Espaces de recherche, de formation et d’action communautaire

Le Cameroun mise notamment sur un réseau de Centres des droits de l’enfant au sein des universités. Ces structures, saluées par l’Unicef, font figure d’innovation en Afrique centrale. Elles servent d’espaces de recherche, de formation et d’action communautaire, mobilisant les sciences juridiques, sociales, éducatives et sanitaires. « Ces centres constituent aujourd’hui de véritables pôles d’innovation, de savoir et d’éthique au service du bien-être des enfants, en particulier les plus vulnérables », a affirmé le ministre d’État.La conférence s’inscrit également dans une dynamique continentale. Des représentants venus du Ghana, du Kenya, du Sénégal, du Maroc et d’Europe ont partagé leurs expériences sur les curricula sensibles aux droits de l’enfant, les approches interdisciplinaires et les mécanismes de plaidoyer. « Ce travail n’est pas un simple échange académique », a rappelé le représentant de l’Unicef en Grèce, Ghassan Khalil. « Il s’agit d’un moment fondateur pour une Afrique qui affirme son leadership moral et intellectuel dans la défense des droits de l’enfant ».
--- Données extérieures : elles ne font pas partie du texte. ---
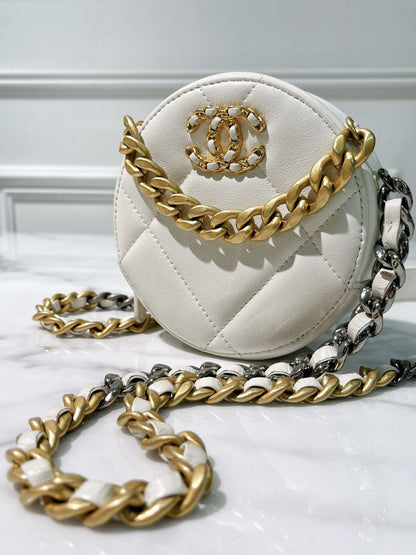 CHANEL 19 ROUND CLUTCH, White/Gold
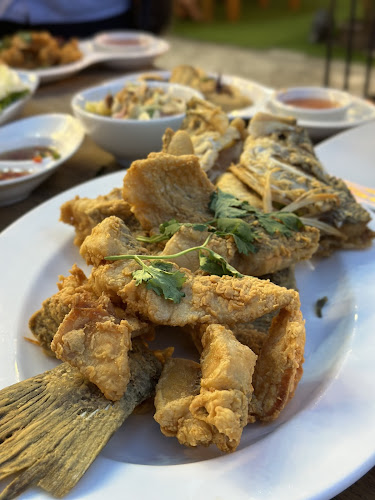 DEE BEACH PUB & RESTAURANT - การบริการอาหารและที่พัก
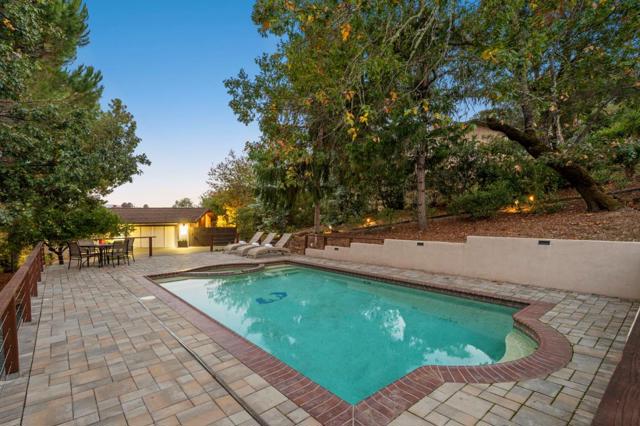 168 Sunrise Drive, Woodside CA: https://media.crmls.org/mediaz/c82bfc01-63bd-442b-9bee-f71382472051.jpg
Appel vibrant à l’action collective

L’Ucac, hôte de l’événement, s’est engagée à jouer un rôle central dans ce réseau émergent. Son recteur a salué « une conférence historique qui ouvre les portes d’un partenariat académique africain et international au service de l’enfance ». La présence du Nonce apostolique, de l’Archevêque métropolitain de Yaoundé, des chefs traditionnels et de leaders religieux, dont le Sultan-roi des Bamoun, Champion de l’Unicef, a ajouté une dimension symbolique forte, confirmant l’importance donnée à l’alliance entre savoir, culture et spiritualité. Les travaux, qui se poursuivent jusqu’aujourd’hui 20 novembre, ambitionnent de produire des recommandations structurantes pour les États, les universités et les organisations partenaires. Selon Jacques Fame Ndongo, « il s’agit de bâtir une gouvernance moderne, participative et orientée vers le bien-être de chaque enfant, dans une humanité juste et solidaire ».
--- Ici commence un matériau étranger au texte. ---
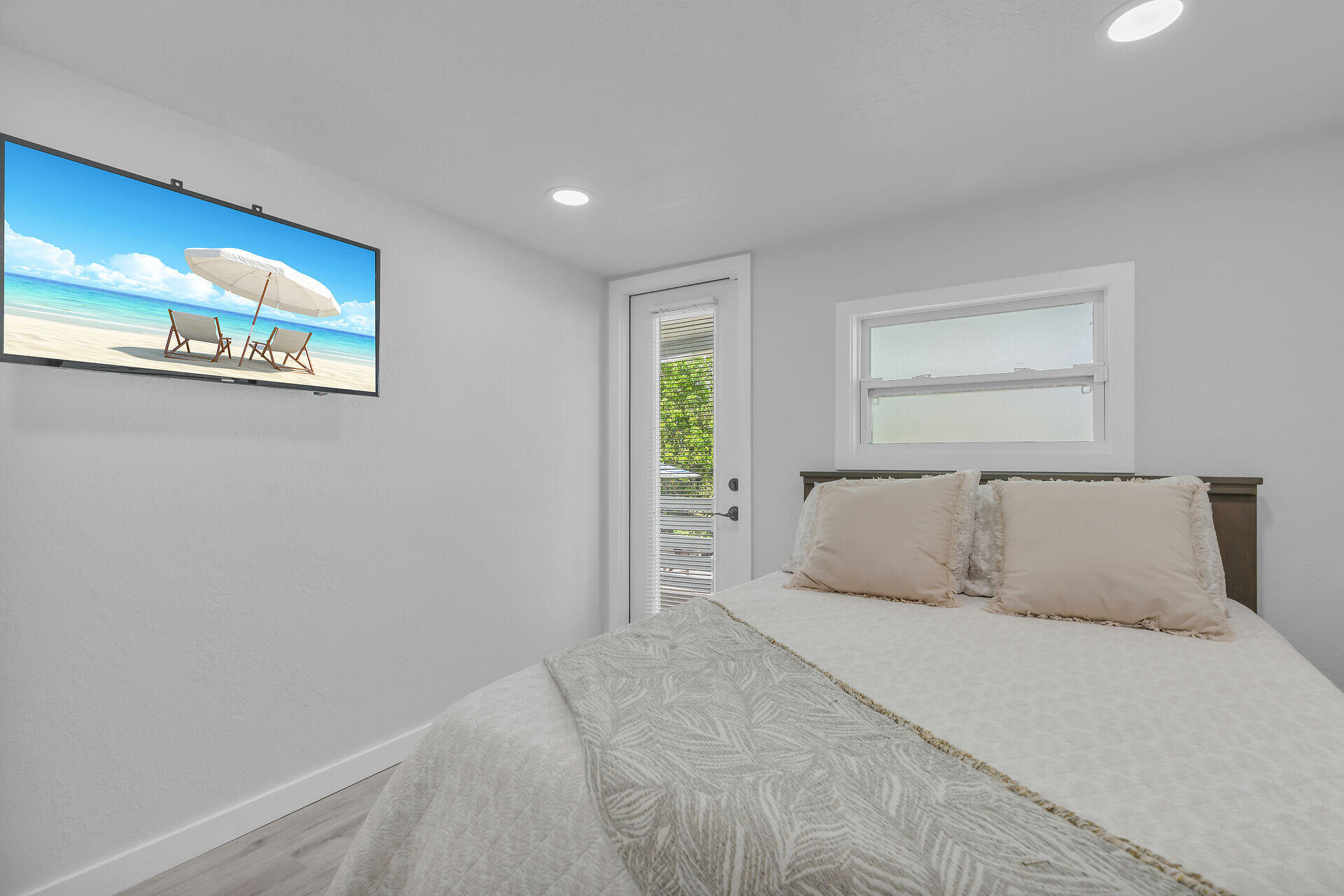 553 Oldsmar Lane Property Photo 37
Dans cette perspective, il a salué « l’ambition de constituer un réseau académique africain et international sur les droits de l’enfant », qualifiant cette initiative de « contribution majeure du Cameroun à la voix du continent dans le débat mondial sur l’enfance ». En concluant son discours d’ouverture, le ministre d’État a déclaré ouverte la Conférence internationale sur le rôle de l’Université dans la promotion et la protection des droits de l’enfant, tout en lançant un appel vibrant à l’action collective. « Je vous invite à travailler avec ambition, rigueur et créativité, pour que les conclusions de cette conférence guident durablement nos universités, nos gouvernements et nos communautés. Ensemble, bâtissons un avenir où chaque enfant voit ses droits pleinement respectés, protégés et accomplis », a-t-il conclu.